Barnes & Noble
Winding from Memphis through the Delta down to New Orleans, Mississippi Blues catches John Lee Hooker, Junior Wells, Bobby Blue Bland, and a school of other big blues fish in their prime. The compilation of 11 artists is better than a primer, because the tunes aren’t signature songs. Wells uses his sultry harmonica and falsetto vocals to seduce his woman with “Come On in This House,” Bland bemoans life in the “St. James Infirmary,” and Tina Turner delivers a lowdown version of “3 O’Clock in the Morning Blues.” In the folk vein are Arthur “Big Boy” Crudup’s “Mean Ol’ Frisco,” Memphis Minnie’s “Stewball,” and Mississippi John Hurt’s “Make Me a Pallet on Your Floor.” The Hooker contribution is a mesmerizing “Baby Don’t Do Me Wrong.” Drawn from the younger generation of blues players are Chris Thomas King’s “Come On in My Kitchen” and soul blues singer Artie White’s “The More You Lie to Me.” Stretching from the ‘60s through the ‘90s, Mississippi Blues is a cruise through one of America’s most vibrant cultural landscapes. Roberta Penn
All Music Guide
More than Chicago, its electric home, or Detroit and Memphis, where it morphed into modern soul, Mississippi is the blues. But, like every musical form, the blues have evolved since the days Charley Patton lived on Dockery's Plantation and played house dances and juke joints around Clarksdale. And that very evolution is going to make any collection called Mississippi Blues problematic. To many, Mississippi is associated with the acoustic Delta blues. To a younger generation, it's the raw electric artists of Mississippi hill country who appear on the Fat Possum label (and who are essentially unrepresented here). To be fair, the compilers do their best in a thankless job.

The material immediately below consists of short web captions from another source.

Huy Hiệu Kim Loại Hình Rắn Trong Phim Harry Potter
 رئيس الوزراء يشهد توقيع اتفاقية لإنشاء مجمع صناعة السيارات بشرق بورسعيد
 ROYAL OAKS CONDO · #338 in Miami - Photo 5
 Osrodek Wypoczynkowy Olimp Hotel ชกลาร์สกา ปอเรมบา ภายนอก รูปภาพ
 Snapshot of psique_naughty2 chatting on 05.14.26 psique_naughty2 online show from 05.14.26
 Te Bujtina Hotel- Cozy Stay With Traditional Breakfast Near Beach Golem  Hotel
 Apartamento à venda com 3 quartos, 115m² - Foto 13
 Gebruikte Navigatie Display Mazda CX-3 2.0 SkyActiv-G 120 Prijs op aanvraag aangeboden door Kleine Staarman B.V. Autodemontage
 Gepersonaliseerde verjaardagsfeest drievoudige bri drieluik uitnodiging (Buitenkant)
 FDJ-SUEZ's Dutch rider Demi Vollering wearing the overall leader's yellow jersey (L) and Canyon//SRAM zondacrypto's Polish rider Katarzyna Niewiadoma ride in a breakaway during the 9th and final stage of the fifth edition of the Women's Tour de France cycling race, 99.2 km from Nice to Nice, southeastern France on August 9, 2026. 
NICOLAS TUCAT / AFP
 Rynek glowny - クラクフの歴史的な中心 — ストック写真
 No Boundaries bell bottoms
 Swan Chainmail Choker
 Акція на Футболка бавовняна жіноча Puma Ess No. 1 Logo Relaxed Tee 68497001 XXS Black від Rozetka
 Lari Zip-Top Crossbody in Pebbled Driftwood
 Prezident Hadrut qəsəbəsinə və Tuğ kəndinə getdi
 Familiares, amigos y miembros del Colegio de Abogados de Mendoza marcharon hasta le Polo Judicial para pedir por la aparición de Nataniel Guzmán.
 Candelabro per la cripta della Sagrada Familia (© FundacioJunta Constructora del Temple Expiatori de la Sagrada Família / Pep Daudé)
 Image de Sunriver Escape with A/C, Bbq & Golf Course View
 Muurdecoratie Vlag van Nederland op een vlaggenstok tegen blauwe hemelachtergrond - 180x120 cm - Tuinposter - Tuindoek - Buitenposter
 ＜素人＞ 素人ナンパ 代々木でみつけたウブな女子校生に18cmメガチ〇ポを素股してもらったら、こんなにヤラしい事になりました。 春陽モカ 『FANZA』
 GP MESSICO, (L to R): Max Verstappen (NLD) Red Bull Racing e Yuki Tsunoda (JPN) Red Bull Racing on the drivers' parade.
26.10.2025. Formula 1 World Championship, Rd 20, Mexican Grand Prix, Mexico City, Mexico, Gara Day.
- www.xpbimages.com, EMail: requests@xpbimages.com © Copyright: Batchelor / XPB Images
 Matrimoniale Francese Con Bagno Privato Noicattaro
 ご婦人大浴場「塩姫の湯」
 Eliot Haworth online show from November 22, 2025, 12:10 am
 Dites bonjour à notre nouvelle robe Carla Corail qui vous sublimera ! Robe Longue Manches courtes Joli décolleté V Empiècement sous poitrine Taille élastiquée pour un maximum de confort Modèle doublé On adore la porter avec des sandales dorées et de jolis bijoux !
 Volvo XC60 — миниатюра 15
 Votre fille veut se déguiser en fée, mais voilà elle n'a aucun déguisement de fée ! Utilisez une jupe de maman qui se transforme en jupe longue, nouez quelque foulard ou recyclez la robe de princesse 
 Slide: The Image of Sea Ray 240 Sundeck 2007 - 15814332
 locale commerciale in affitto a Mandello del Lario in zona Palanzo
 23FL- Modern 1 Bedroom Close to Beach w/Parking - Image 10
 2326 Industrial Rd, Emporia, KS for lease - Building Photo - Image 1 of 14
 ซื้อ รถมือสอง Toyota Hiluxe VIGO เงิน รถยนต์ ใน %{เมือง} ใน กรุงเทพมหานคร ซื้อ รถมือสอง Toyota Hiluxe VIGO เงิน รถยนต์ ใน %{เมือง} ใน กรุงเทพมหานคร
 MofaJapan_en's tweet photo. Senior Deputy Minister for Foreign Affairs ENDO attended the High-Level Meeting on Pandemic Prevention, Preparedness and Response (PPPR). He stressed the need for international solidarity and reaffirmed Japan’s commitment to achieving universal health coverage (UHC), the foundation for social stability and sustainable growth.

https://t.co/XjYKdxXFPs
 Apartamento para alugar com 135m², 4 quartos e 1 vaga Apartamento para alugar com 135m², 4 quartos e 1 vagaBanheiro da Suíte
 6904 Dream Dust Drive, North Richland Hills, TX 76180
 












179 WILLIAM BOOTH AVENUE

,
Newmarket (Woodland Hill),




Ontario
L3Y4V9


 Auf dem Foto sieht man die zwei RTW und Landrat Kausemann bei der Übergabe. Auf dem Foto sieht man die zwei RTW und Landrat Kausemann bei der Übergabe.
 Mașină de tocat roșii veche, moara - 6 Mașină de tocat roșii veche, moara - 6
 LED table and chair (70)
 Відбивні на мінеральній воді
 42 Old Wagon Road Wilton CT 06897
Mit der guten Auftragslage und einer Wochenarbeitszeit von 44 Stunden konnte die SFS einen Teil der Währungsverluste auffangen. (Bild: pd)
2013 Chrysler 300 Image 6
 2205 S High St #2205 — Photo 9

From the early generation, listeners get Memphis Minnie, Memphis Slim, and Mississippi John Hurt (notably a cut from his '60s rediscovery). Slightly later come Arthur "Big Boy" Crudup -- one of Elvis Presley's inspirations, with his big, laid-back voice -- some relatively early Ike & Tina Turner, John Lee Hooker (an odd choice; although his roots were in Clarksdale, his work didn't begin until he was up north in Detroit), and the wonderful Bobby "Blue" Bland, with a take on the classic "St. James Infirmary." There is one young inclusion, happily, in the rising Chris Thomas King. But where's Muddy Waters, whose first work was recorded down in the Delta in the early '40s? Where are Robert Johnson and Charley Patton, whose styles epitomize and define early blues? Where's Junior Kimbrough or R.L. Burnside? This is a fair collection which tries to bill itself as "a musical journey down the Mississippi River," but with just 11 tracks, it can't touch on nearly enough. Chris Nickson
Blues Revue
"Like many of the label's collections, this one serves as an excellent genre introduction."